* [Brief]: Give back each record precisely, pictures excluded.
Data supplied START
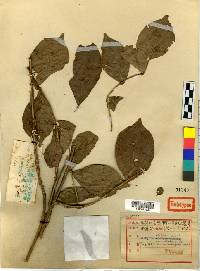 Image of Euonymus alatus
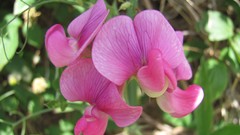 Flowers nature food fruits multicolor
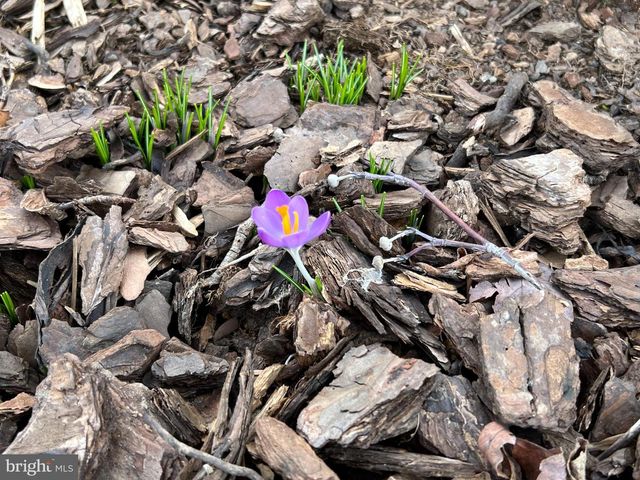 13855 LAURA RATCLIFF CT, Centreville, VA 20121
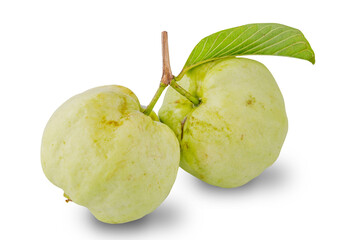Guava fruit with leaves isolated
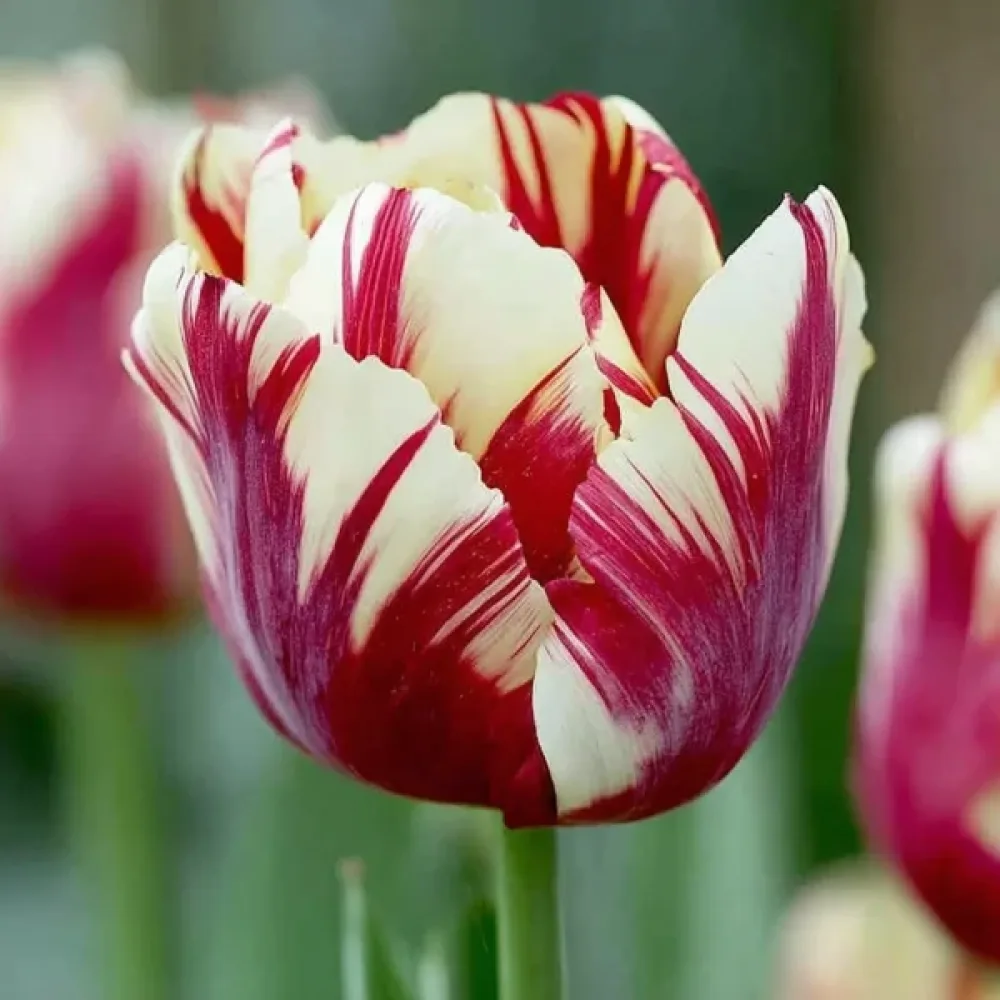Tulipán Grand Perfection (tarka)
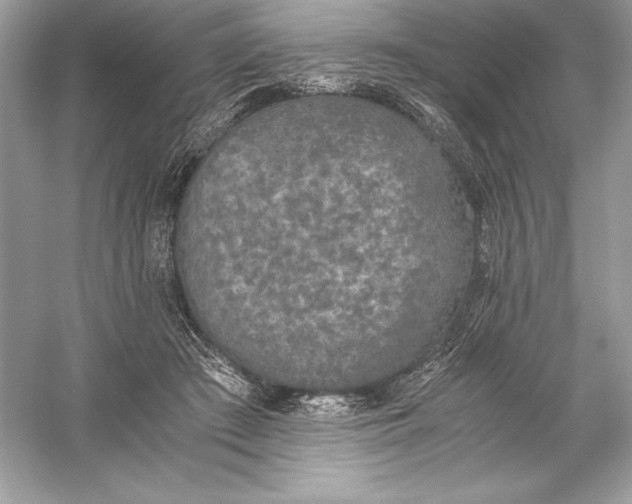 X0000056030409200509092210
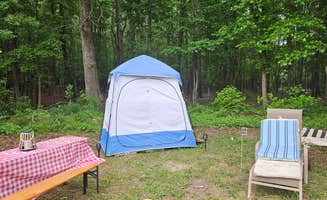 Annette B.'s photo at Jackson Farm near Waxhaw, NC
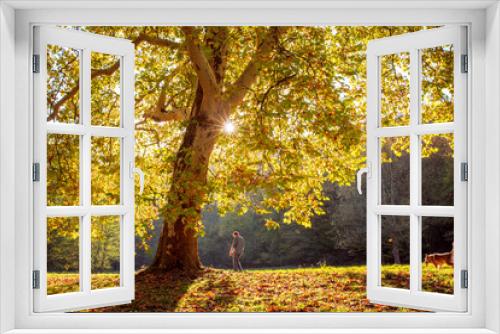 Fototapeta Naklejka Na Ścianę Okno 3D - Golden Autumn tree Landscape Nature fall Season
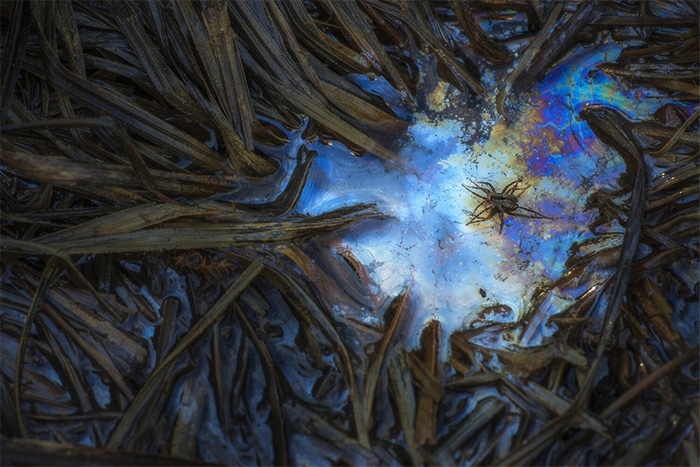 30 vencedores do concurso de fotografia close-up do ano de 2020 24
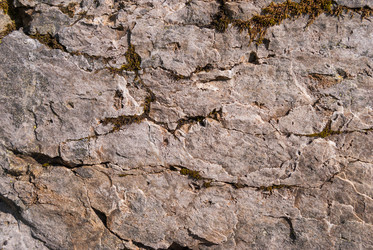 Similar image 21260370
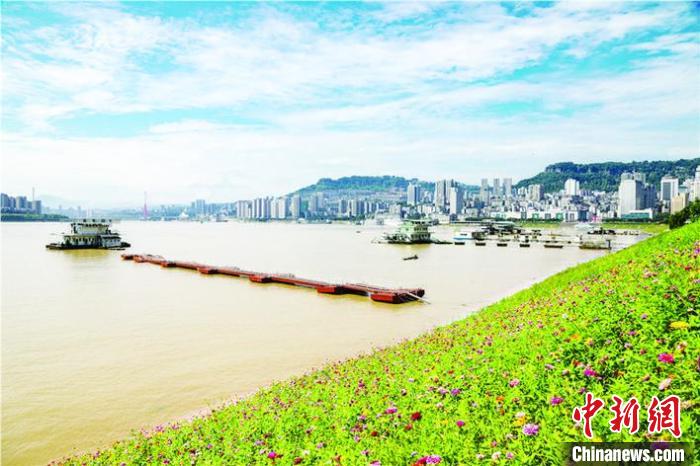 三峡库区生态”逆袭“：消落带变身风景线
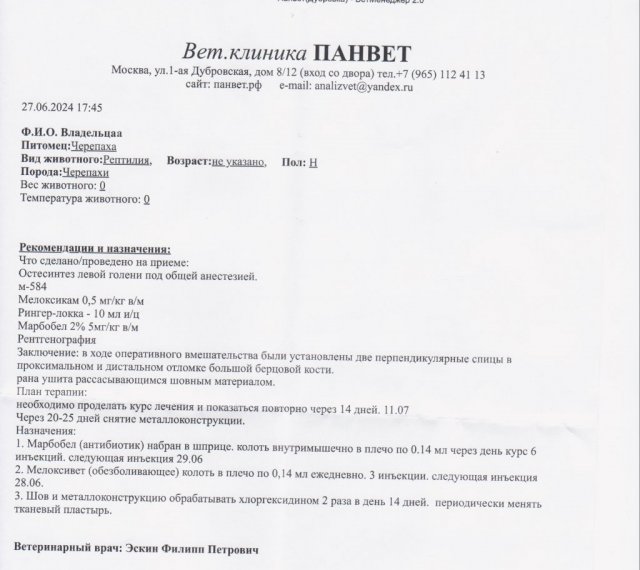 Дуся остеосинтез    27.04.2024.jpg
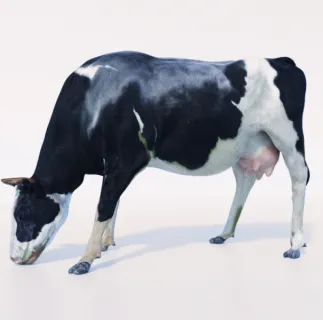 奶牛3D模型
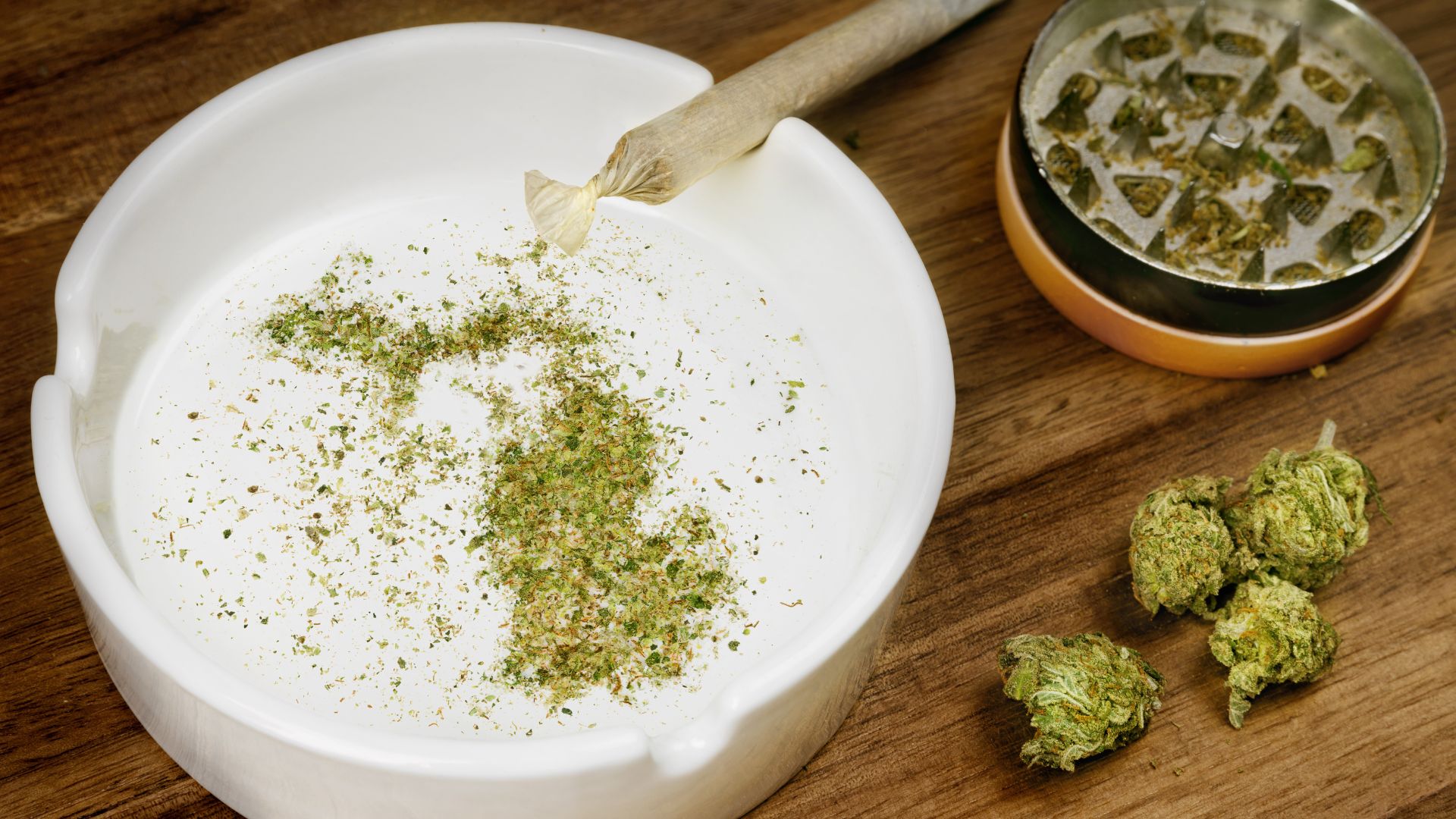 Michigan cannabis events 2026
Data supplied END
* [Output for this exercise]:
 Image of Euonymus alatus
 Flowers nature food fruits multicolor
 13855 LAURA RATCLIFF CT, Centreville, VA 20121
Guava fruit with leaves isolated
Tulipán Grand Perfection (tarka)
 X0000056030409200509092210
 Annette B.'s photo at Jackson Farm near Waxhaw, NC
 Fototapeta Naklejka Na Ścianę Okno 3D - Golden Autumn tree Landscape Nature fall Season
 30 vencedores do concurso de fotografia close-up do ano de 2020 24
 Similar image 21260370
 三峡库区生态”逆袭“：消落带变身风景线
 Дуся остеосинтез    27.04.2024.jpg
 奶牛3D模型
 Michigan cannabis events 2026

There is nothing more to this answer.